As Demand Within Alternative Markets Increases, TPAs Serve an Important Role
White Paper Summary
In recent years, programs, captives and other alternative risk transfer solutions have been having a bit of a moment. As markets harden, insureds are looking for innovative solutions to help financially manage their exposures.
The space has become so active, it’s growing faster than the traditional property and casualty market “I think you could make the argument that the program space is about as active a space in the property casualty industry as you can find,” said Ken Hawkins, director, business development, alternative markets and programs at Broadspire.
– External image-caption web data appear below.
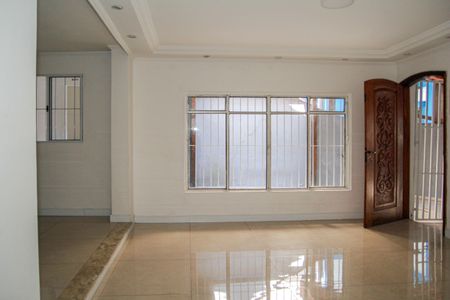 Casa à venda com 300m², 5 quartos e 4 vagasSala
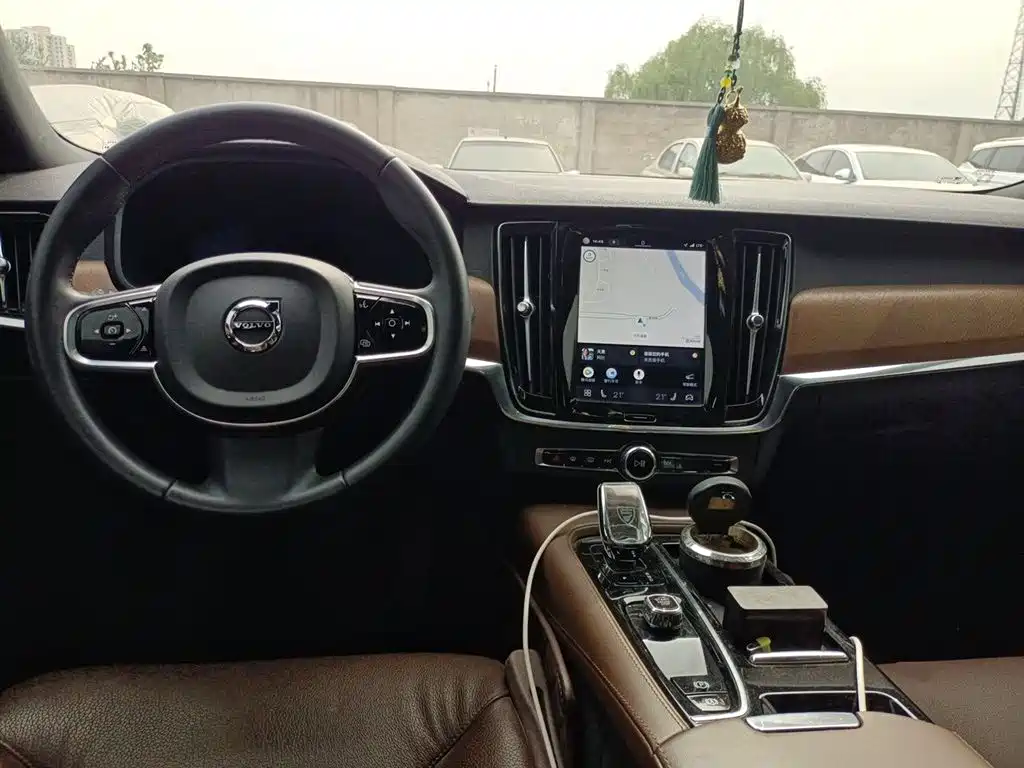 Volvo S90 PHEV PHEV Hybrid 4 WD Long Range Smart Ease Luxury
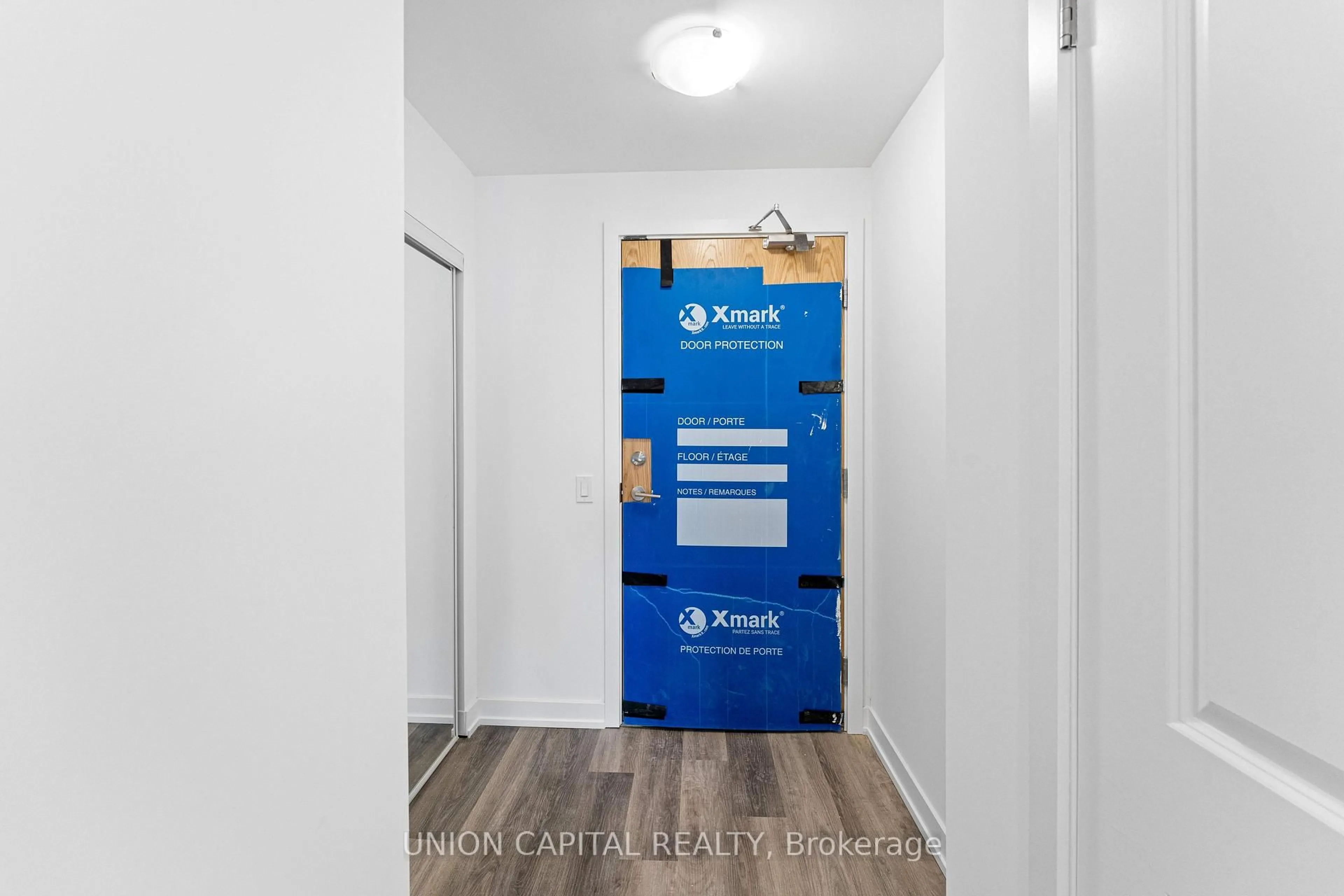 Indoor entryway for 1455 Celebration Dr #2303, Pickering Ontario L1W 1L8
“We’ve actually seen increased capacity in the space in terms of markets that are wanting to provide funding to build products.”
Over the past few years, Hawkins says he’s seen the programs market grow to between $65 billion and $70 billion in written premiums from a combination of carriers, managing general agents, managing general underwriters and risk retention groups.
Captives, too, are becoming more popular, especially for lines like property, cyber and medical malpractice where it has become difficult to place coverage in traditional markets. “When coverage gets to the point where it’s hard to get, people start moving towards captives,” Hawkins said.
As demand for programs, captives and alternative risk transfer solutions grows, so too has the need for third-party administrative (TPA) services that help support claims and improve financial performance using data analytics.
“With more people coming into the space, and more people writing business in the space, that means there’s more claims to be handled, which creates more opportunity for firms like us,” Hawkins said.